Excel Import Service
Introduction
The Excel import service reads xls definitions for both types and entities and send them to openBIS. It is the replacement of the old master data scripts adding support for the creation of openBIS entities.
The goals are:
For common users an import format with the following features to avoid the shortcomings of the old format:
Recognisable labels as column names.
Multi-type imports.
Parents/Children creation and linking on a single import.
For advanced users like consultants and plugin developers a tool that allows to specify on an Excel sheet:
Metadata model.
Basic entity structures used for navigation.
Modes
To support different use cases the import service supports the next modes, specifying one of them is mandatory.
UPDATE IF EXISTS: This one should be the default mode to use to make incremental updates.
IGNORE EXISTING: This mode should be used when the intention is to ignore updates. Existing entities will be ignored. That way is possible to avoid unintentionally updating entities and at the same time adding new ones.
FAIL IF EXISTS: This mode should be used when the intention is to fail if anything is found. That way is possible to avoid making any unintentional changes.
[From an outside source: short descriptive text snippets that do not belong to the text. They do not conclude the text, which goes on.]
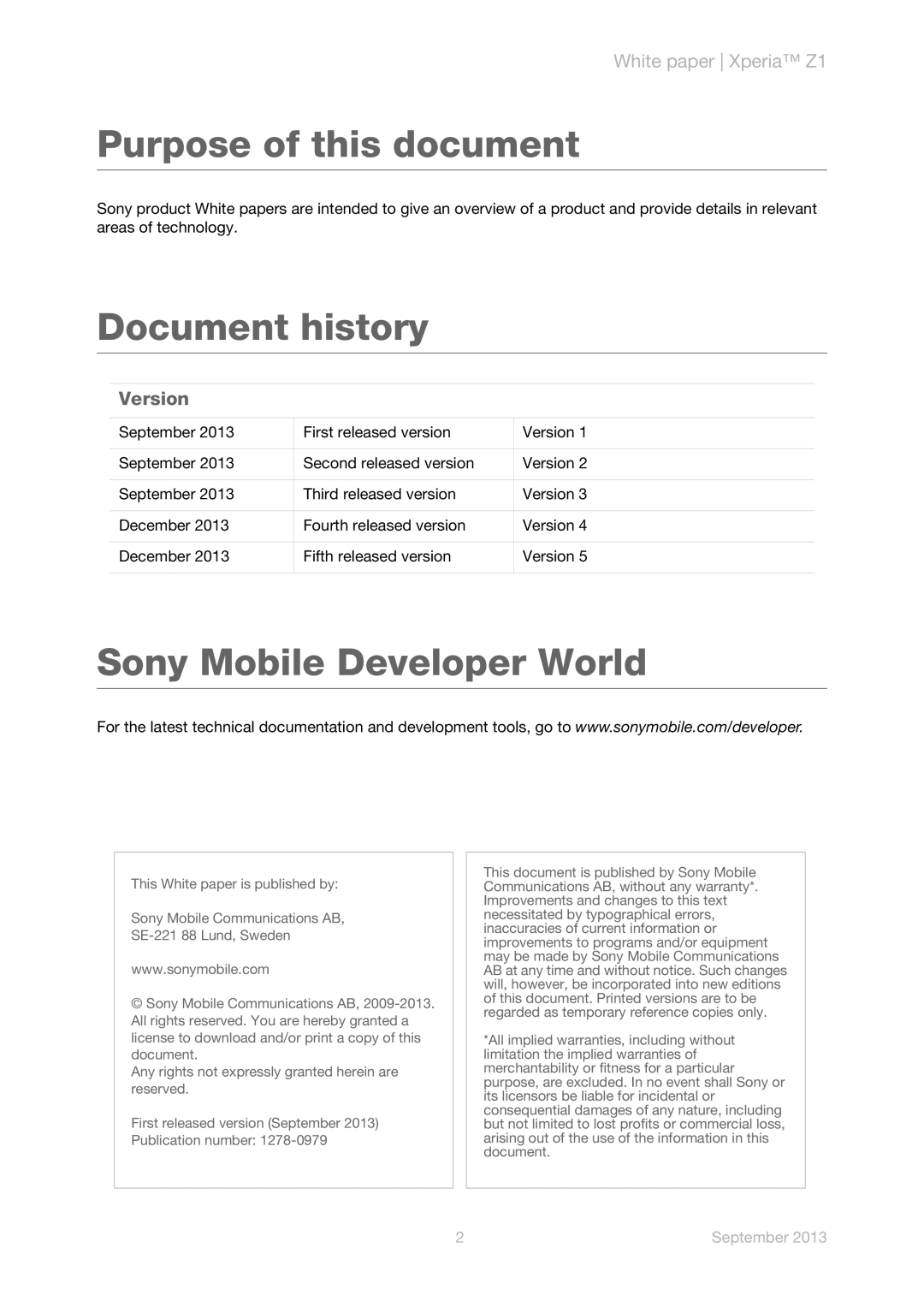 Sony C6902/L39h manual Purpose of this document 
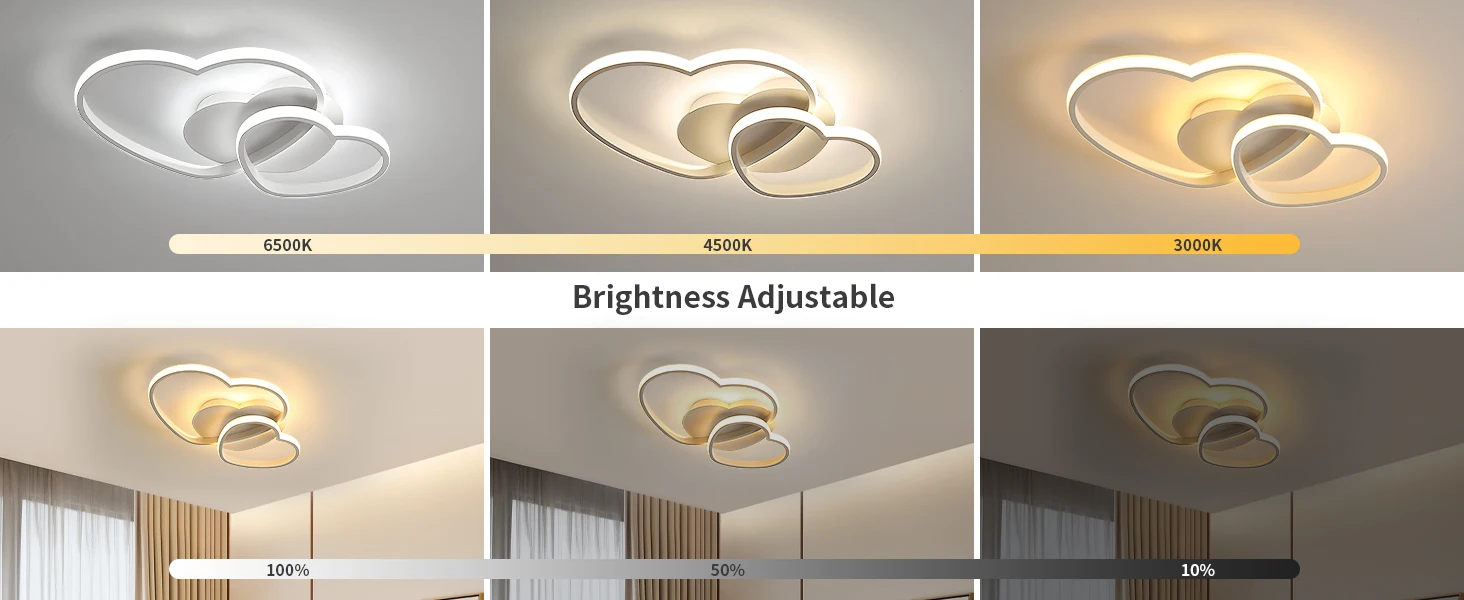 LED Ceiling Light, Golden Heart Ceiling Lamp Modern, Dimmable 3000K-6500K Lamp with Remote Control for Bedroom, Dining Room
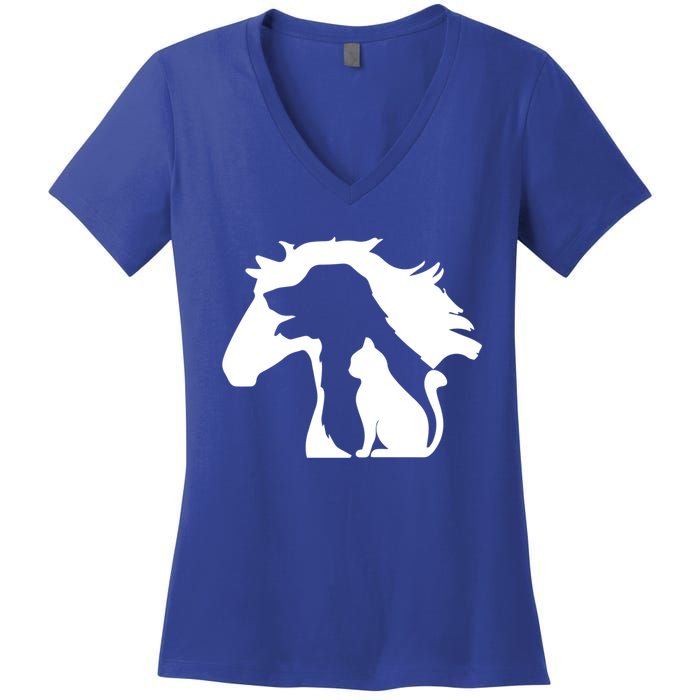 Horse Dog And Cat Minimalist Art Abstract Silhouette Overlay Gift Women's V-Neck T-Shirt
Organising Definition Files
All data can be arranged according to the needs of the user, in any number of files and any number of worksheets. All files have to be in one directory.
The names of the files and worksheets are ignored by the service, the user is advised to use descriptive names that they can quickly remember/refer to later.
Warning
If there are dependencies between files they should be submitted together or an error will be shown.
Example:
We want to define vocabularies and sample types with properties using these vocabularies. We can arrange our files in several ways:
put vocabulary and sample types in separate files named i.e vocabulary.xls and sample_types.xlsx respectively
put vocabulary and sample types in different worksheets in the same xls file
put everything in one worksheet in the same file
Organising Definitions
Type definitions:
The order of type definitions is not important for the Excel import service, with exception of Vocabularies, those need to be placed before the property types that use them.
Entity definitions:
Type definitions for the entities should already exist in the database at the time when entities are registered. Generally Entity definitions are placed at the end.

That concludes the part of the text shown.